Sometimes, we want to construct Pandas DataFrame from items in nested dictionary with Python.
In this article, we’ll look at how to construct Pandas DataFrame from items in nested dictionary with Python.
How to construct Pandas DataFrame from items in nested dictionary with Python?
To construct Pandas DataFrame from items in nested dictionary with Python, we can use dictionary comprehension to extract the values from the nested dicts.

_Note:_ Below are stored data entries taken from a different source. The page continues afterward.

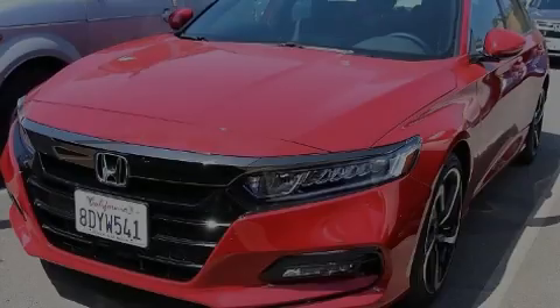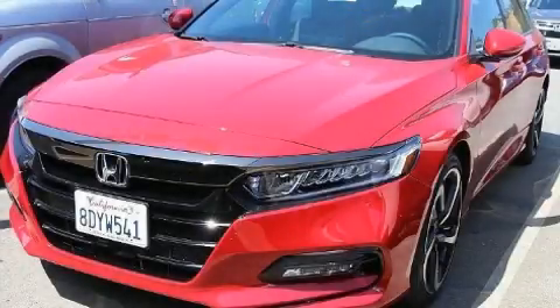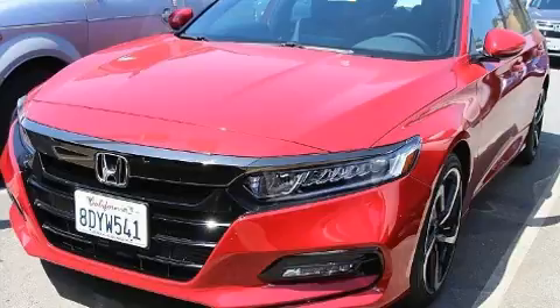Introducing the 2018 Honda Accord. This four-door, five-passenger sedan still has less than 10,000 miles.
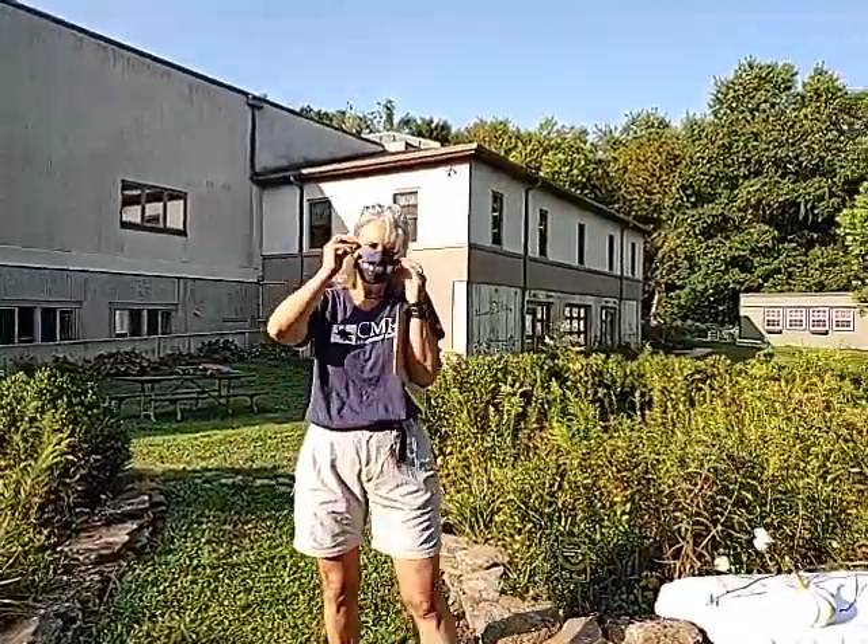Good morning. I'm going to take this mask off because I'm outside and there's no one around except my daughter who is helping me film this today. Some of you might not know me. I am Veronica Brannan. I am the naturalist for Children's Meeting House Montessori School, so it's my job to teach about nature, study nature, and help take care of nature. Today we are in the Butterfly Garden.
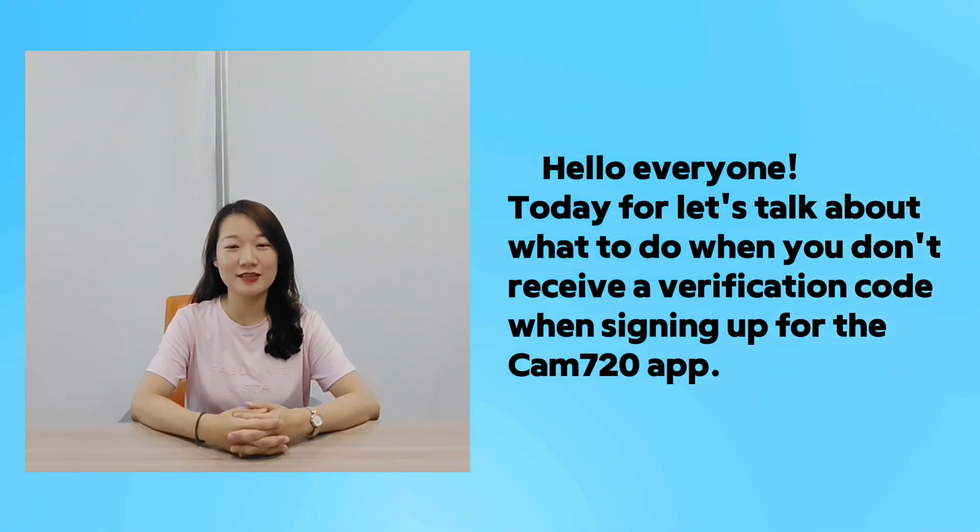Hello everyone, today let's talk about what to do when you don't receive a verification code when signing up for the CAM720 app.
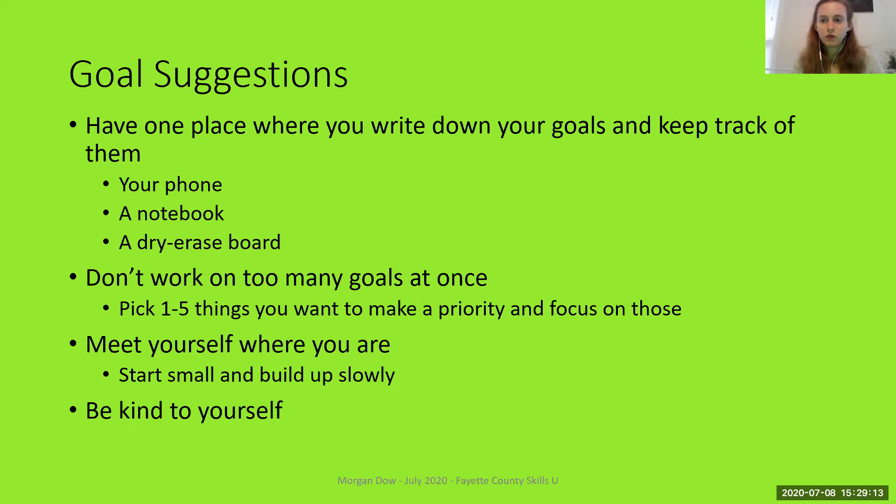To wrap up my overall goal suggestions, a few things to keep in mind. First, you should write your goals down and have one place where you keep track of them. This could be your phone, a personal notebook or journal, or a dry erase board on your refrigerator — just some place where you're keeping track of your goals.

And then we call from_dict
with the returned dictionary to create a data frame.
For instance, we write
user_dict = {
12: {
"Category 1": {"att_1": 1, "att_2": "whatever"},
"Category 2": {"att_1": 23, "att_2": "another"},
},
15: {
"Category 1": {"att_1": 10, "att_2": "foo"},
"Category 2": {"att_1": 30, "att_2": "bar"},
},
}
pd.DataFrame.from_dict(
{(i, j): user_dict[i][j] for i in user_dict.keys() for j in user_dict[i].keys()},
orient="index",
)
to call from_dict
with a dict that gets the values from the keys and values from each nested dict to create the data frame.
We gets the dict keys with the keys
method.
Conclusion
To construct Pandas DataFrame from items in nested dictionary with Python, we can use dictionary comprehension to extract the values from the nested dicts.
And then we call from_dict
with the returned dictionary to create a data frame.